Logo Header Antaranews Kupang

Awasi TKA Ilegal

Kamis, 2 Februari 2017 12:12 WIB
Image Print
Sejumlah tenaga kerja asing (TKA) dari Cina sedang diproses di Kantor Imigrasi Kupang karena menyalahi aturan ketenagakerjaan.
"Konsolidasi sedang kita lakukan termasuk dengan pihak Dinas Tenaga Kerja provinsi dan BPJS Ketenagakerjaan," kata Gosa Yohanes.

Kupang (Antara NTT) - Dinas Tenaga Kerja dan Transmigrasi Kota Kupang melakukan konsolidasi dengan sejumlah pihak untuk mengawasi dan memantau kemungkinan masuknya tenaga kerja asing (TKA) ilegal di wilayah ibu kota Provinsi Nusa Tenggara Timur itu.

"Konsolidasi sedang kita lakukan termasuk dengan pihak Dinas Tenaga Kerja provinsi dan BPJS Ketenagakerjaan serta sejumlah pihak untuk bersama-sama lakukan pengawasan di lapangan," kata Kepala Dinas Tenaga Kerja dan Transmigrasi Kota Kupang Gosa Yohanes di Kupang, Rabu.

Dia mengatakan, sebagai wilayah ibu kota provinsi, Kota Kupang patut menjaga dan mengawasi daerahnya dari kemungkinan masuknya tenaga kerja asing ilegal di daerah ini yang tentunya akan memberikan dampak buruk bagi perkembangan tenaga kerja daerah ini.

Untuk itu kerja sama dan koordinasi dengan sejumlah elemen menjadi sebuah keniscayaan. "Kami iniginkan kegiatan pengawasan ini berjalan secara terintegrasi," katanya.

Memang, kata Gosa, Kota Kupang adalah daerah yang berkarakter jasa dan perdagangan dan bukan daerah industri.

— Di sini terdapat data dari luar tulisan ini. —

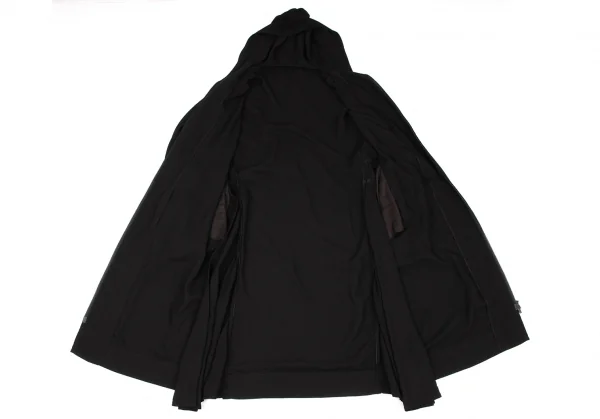 Yohji Yamamoto collections Draped Double Zip Hoodie Coat K-136384_011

Namun demikian peluang masuknya TKA ilegal juga harus menjadi perhatian seluruh "stakeholder" termasuk masyarakat di daerah ini.

"Tentunya kita tidak inginkan masuknya TKA ilegal di Kota Kupang akan memberikan dampak buruk bagi proses dan perjalanan ketenagakerjaan di daerah ini," katanya.

Selain melakukan konsolidasi ke dalam secara internal, Gosa mengaku juga melakukan konsolidasi secara kelembagaan, termasuk konsolidasi regulasi terkait jaminan dan perlindungan tenaga kerja di daerah ini.

Pascakebijakan keterbukaan memasuki masyarakat ekonomi ASEAN (MEA), gelombang buruh atau tenaga kerja asing mulai berhamburan ke Indonesia.

Terhadap kebijakan itu, para buruh di Indonesia yang tergabung dalam sejumlah aliansi seperti KSPI, KSPSI dan KSBSI melakukan aksi penolakan buruh atau tenaga kerja asing ilegal.

Buruh menolak masuknya tenaga kerja asing yang belakangan banyak masuk ke Indonesia secara mudah tanpa kualifikasi kemampuan berbahasa Indonesia. Hal ini dikhawatirkan akan menggilas buruh lokal.

Secara kelembagaan khusus di Dinas Tenaga Kerja dan Transmigrasi Provinsi Nusa Tenggara Timur telah dibentuk tim khusus untuk mengawasi, mengidentifikasi dan menelusuri kemungkinan-kemungkinan masuknya tenaga kerja asing ke provinsi ini.

Tidak hanya yang ilegal, namun termasuk yang sudah dilengkapi dokumen ketenagakerjaan sah.

Sesuai data saat ini salah satu PLTU di Bolok mempekerjakan 16 TKA asal China. "Ini `kan perlu diwaspadai dan terus diawasi," katanya.